ITS Advisory Number: 
2018-049
Date(s) Issued: 
Tuesday, May 1, 2018
Subject: 
A Vulnerability in Cisco Adaptive Security Appliance Software Could Allow for Security-Bypass
Overview: 

A vulnerability has been discovered in Cisco Adaptive Security Appliance (ASA), which could allow for an unauthenticated, remote attacker to establish a Secure Sockets Layer (SSL) Virtual Private Network (VPN) connection to the device and bypass certain SSL certificate verification steps. The Cisco ASA family provides network security services such as firewall, intrusion prevention system (IPS), endpoint security (anti-x), and VPN. Successful exploitation of this vulnerability could allow the attacker to establish an SSL VPN connection to the ASA when the connection should have been rejected.

Systems Affected: 
  • 3000 Series Industrial Security Appliance (ISA)
  • ASA 5500 Series Adaptive Security Appliances
  • ASA 5500-X Series Next-Generation Firewalls
  • ASA Services Module for Cisco Catalyst 6500 Series Switches and Cisco 7600 Series Routers
  • Adaptive Security Virtual Appliance (ASAv)
  • Firepower 2100 Series Security Appliance
  • Firepower 4110 Security Appliance
  • Firepower 9300 ASA Security Module
RISK
GOVERNMENT
Large and medium government entities: 
High
Small government entities: 
Medium
BUSINESS
Large and medium business entities: 
High
Small business entities: 
Medium
Home Users: 
Low
Description: 

A vulnerability has been discovered in Cisco ASA, which could allow for an unauthenticated, remote attacker to establish a SSL VPN connection to the device and bypass certain SSL certificate verification steps. The vulnerability is due to incorrect verification of the SSL Client Certificate. An attacker could exploit this vulnerability by connecting to the ASA VPN without a proper private key and certificate pair.
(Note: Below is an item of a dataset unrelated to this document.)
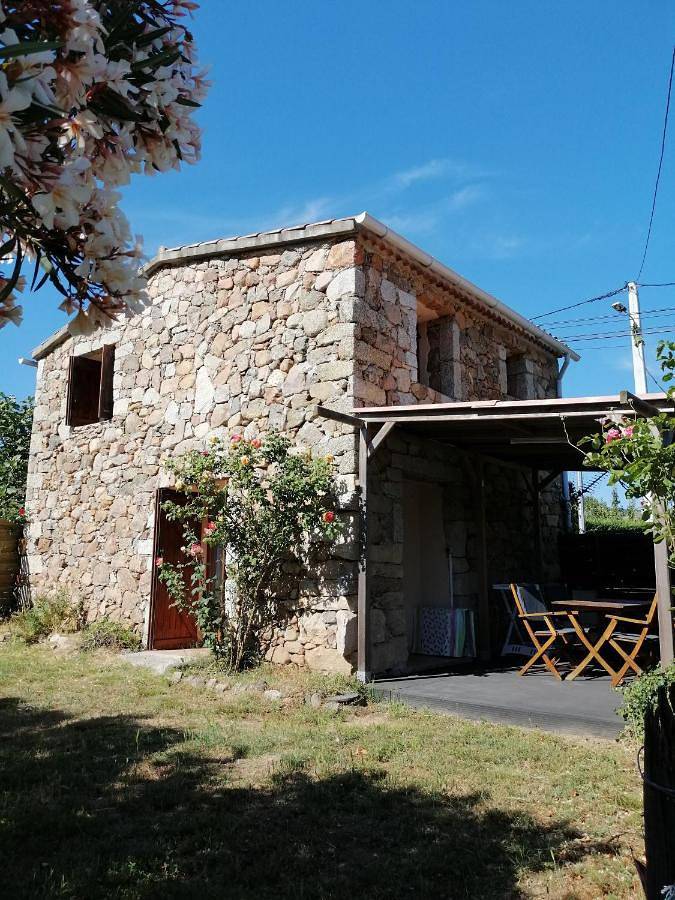 Location de vacances pour 4 personnes, avec vue et jardin à Sarrola-Carcopino - 3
Successful exploitation of this vulnerability could allow the attacker to establish an SSL VPN connection to the ASA when the connection should have been rejected.

Actions: 
  • Verify no unauthorized system modifications have occurred on system before applying patch.
  • After appropriate testing, immediately install updates provided by Cisco.
  • Monitor intrusion detection systems for any signs of anomalous activity.
  • Unless required, limit external network access to affected products.